08 Jan 2022, 17:12

The BulkTracker Outage

I have been running the BulkTracker web app for keeping track of pkgsrc bulk package build results since about 2015.

After running without problems since the start (!!), the BulkTracker app had its first outage in November of 2021. It turns out that the function that renders the home page returns a 500 if it gets an error from Datastore. The error that was returned was:

rpc error: code = ResourceExhausted desc = Quota exceeded.

After complaining on Twitter, I fixed the handler to return at least a degraded home page in case of Datastore errors. But why was there an error in the first place?
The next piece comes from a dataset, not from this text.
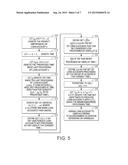 METHOD, SYSTEM, AND APPARATUS FOR SEMI-AUTOMATIC RISK AND AUTOMATIC     TARGETING AND ACTION PRIORITIZATION IN LOAN MONITORING APPLICATIONS diagram and image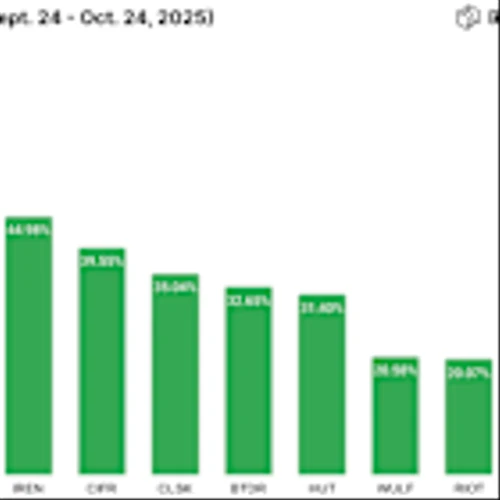 Bitcoin mining stock prices fall for second week in a row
According to the “Quotas” page on the Google Cloud Console, there are no Datastore-related quotas that can be exhausted – essentially, you can use as much as you need as long as you pay for it. I fixed the handler to return at least a degraded home page in case of Datastore errors.

But why was there an error in the first place? I filed an issue (bsiegert/BulkTracker#26) and paused ingestion for the time being.
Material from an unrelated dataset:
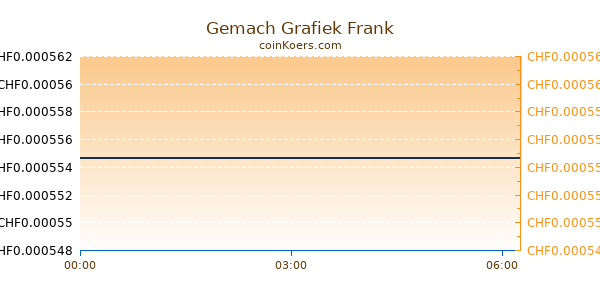 Gemach Grafiek Vandaag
After several days, I ended up finding a daily spending limit for App Engine. This setting is deprecated and thus kind of hidden in the UI. It turns out that the storage costs were eating almost the entire daily budget! As soon as one build was ingested in a day, the spending limit would be reached, and Cloud Datastore just fails all requests at that point. Not a good failure mode, if you ask me!

After deleting the spending limit, I watched the situation for a day, then I tentatively re-enabled ingestion of new bulk builds. It turns out that solved it! I have since deleted a bunch of old builds, so that there is not as much stored data.
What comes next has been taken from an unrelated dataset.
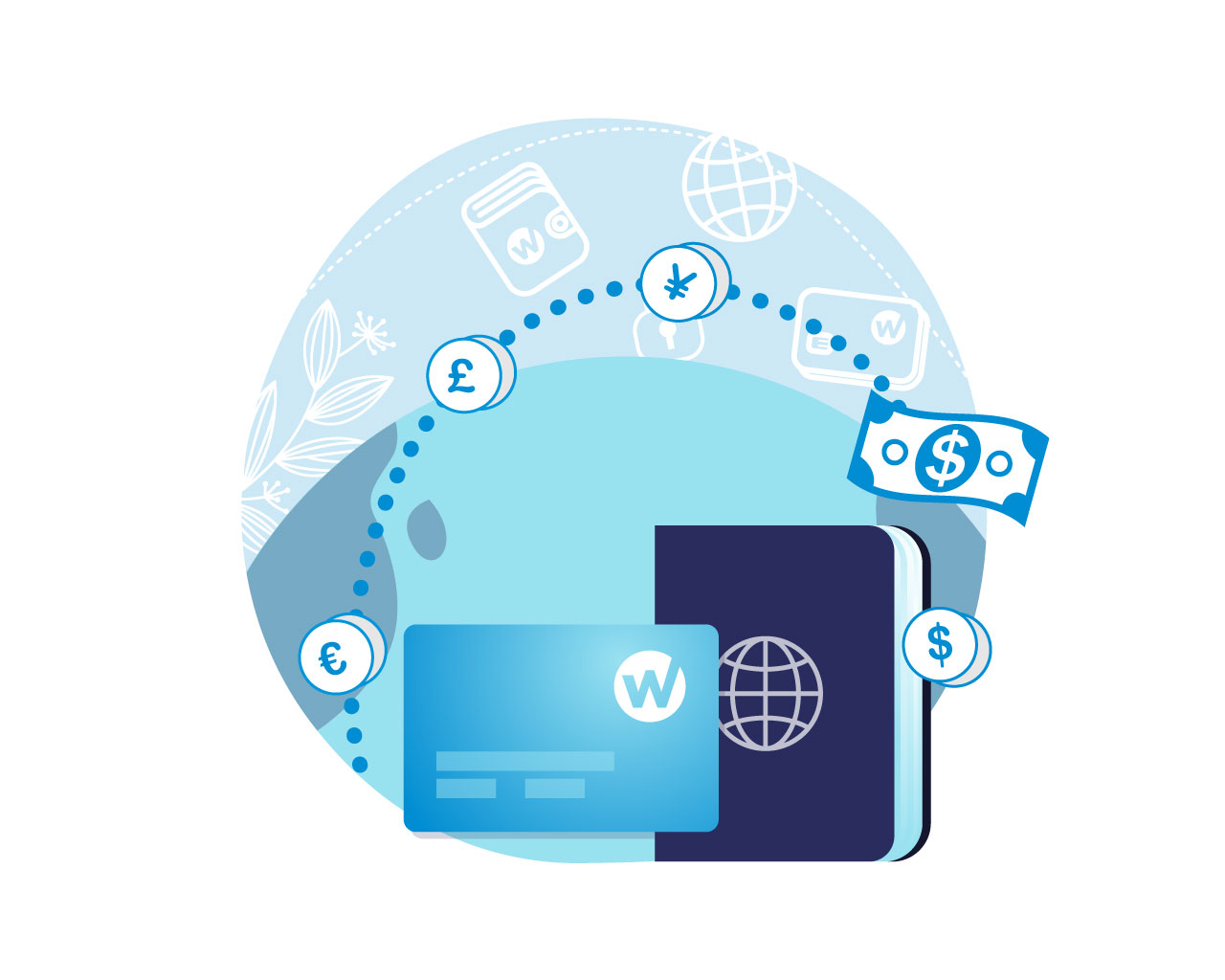 picture of benefits of using Paywiser issuing solution (travel)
Unfortunately, I never implemented automatic expiration of results, so they have been accumulating ever since. I built a small tool that deletes the detailed data for the n oldest builds in the database, and I notice it would run fairly slowly: deleting a set of 20,000 records would take about 3 minutes. This seems like a lot. The next post in this series will talk about how I made this faster.

Background: Datastore

As an App Engine application, using the App Engine datastore (a NoSQL database) was a logical choice at the time. A SQL database may have been more appropriate for the workload, as I later found out, but the pricing for Google Cloud SQL is prohibitive for a small application.

Small side note: Through my job I learned how App Engine Datastore was actually implemented, and it was horrifying.

Over the years, App Engine Datastore became first Cloud Datastore – an offering independent from App Engine that can be used with any Cloud application – then something called “Cloud Firestore in Datastore Mode”. Firestore is the Firebase NoSQL database; its API is very different from the Datastore one, but there is a shim layer that provides the Datastore API on top of it. The migration was transparent and flawlessly done by the Google Cloud folks – kudos.

Some Statistics

Most of the space in the BulkTracker datastore is used by indices, since all queries must use an index. So in early December, before I started deleting old data, the storage contained:

  • data for 8800 bulk builds
  • the oldest build was from June 2015
  • total size of the data itself was about 30 GiB in 165,000,000 records
  • total index size was another whopping 300 GiB